Entwine Audition Kit: Teeny Tiny Coils
I picked up this handy kit at a Circle of Sisters event in New York a couple of years back. They were selling like hotcakes for just $10, and the package contained pretty much everything that you need to wash, condition, moisturize and style your hair. The package also contained a deep hydrating conditioning hair mask, which imparted terrific moisture to my hair during my washing process. But I threw out that envelope. I would say the best components of this kit are the deep conditioner, and the two small pots of styling products. Not only is this a handy way of trying out products, but it’s a perfect travel kit, too.
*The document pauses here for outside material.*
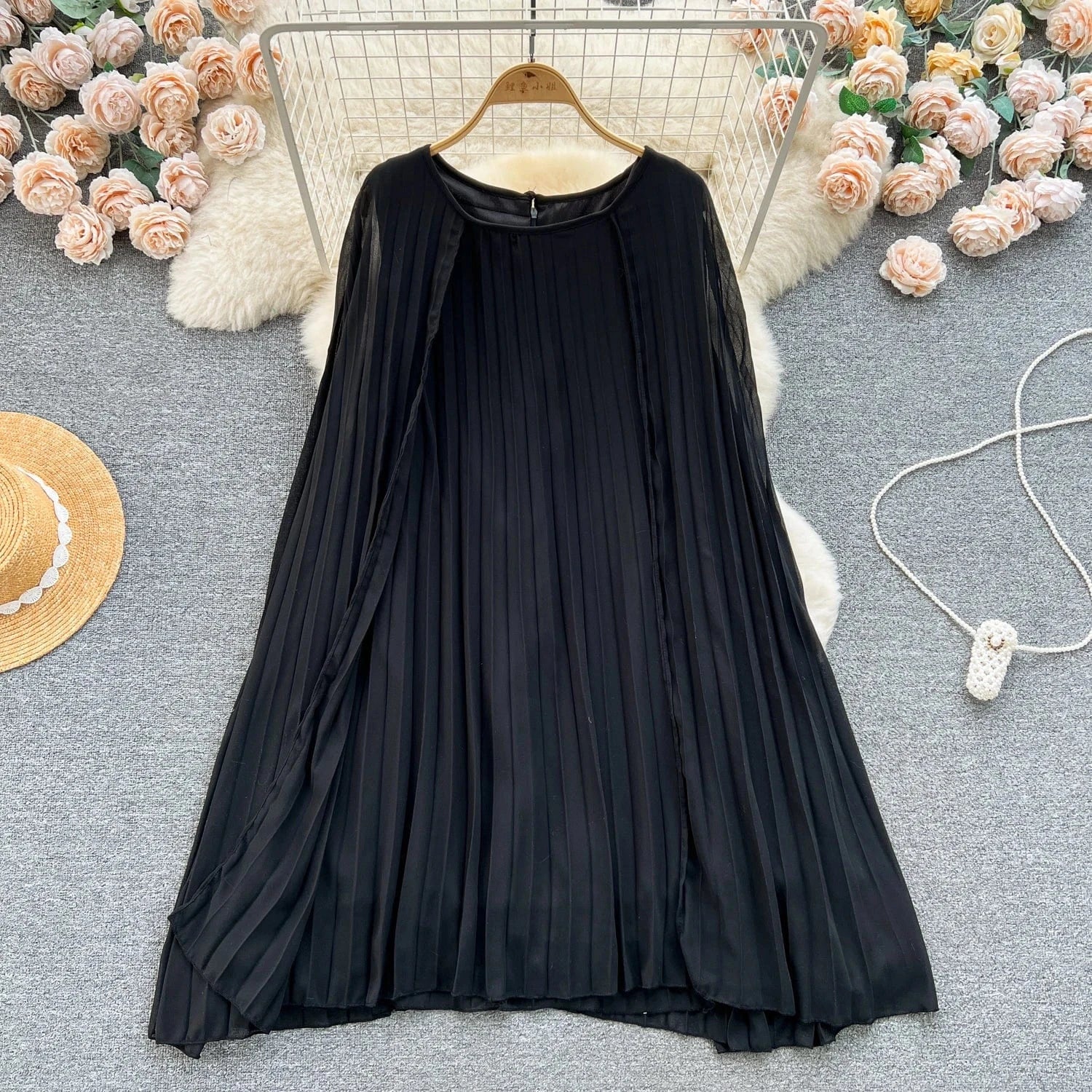 Peter Pan Collar Solid Pleated Dress Autumn Draped High Waist Midi Dress Ladies Elegant Dresses Clothes Women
Everything you need for up to two washing cycles is in this kit — which is also TSA compliant!
Difeel: Body soaps
I snatched up this line of body soaps from Sunflower Cosmetics, Inc., in my local beauty supply store while stocking up on barrettes and ponytail holders for Baby, and all sorts of hair things for myself. The soaps go for $3.99 a bar, but they aren’t cheap quality. They cleanse effectively, and leave the skin feeling smooth and moisturized. At first I bought just a couple, then went back again for a few more. There’s just one tiny drawback: I’m not sure if it’s wholly or majority black-owned. The photo on the back of the Black Soap has a picture of a Black man working on the product, while the company’s listing at Manta.com says it is owned by a guy named David Kim. Maybe they co-founded it, and Mr. Kim is the managing principal or something? I’ve reached out to the company, but knowing these small operations, it could be a while before they reply. I’ll update as I get new information.
And that wraps up my first blog post on Empties: B.O.M.B. edition (technically also B.O.B.B., for Black-owned beauty brands. But who’s checking?). These are my current tried and true products that deliver on the creators claims on the package with the added bonus of helping to build financial autonomy and independence for Black people. If you know anything about how financial values shape American society and our mores, you know that Black Enterprise’s DOFE Principles and F.U.B.U. are not reactionary declarations of “exclusion” and “reverse racism.” They are indispensable values for any minority in this country to live by.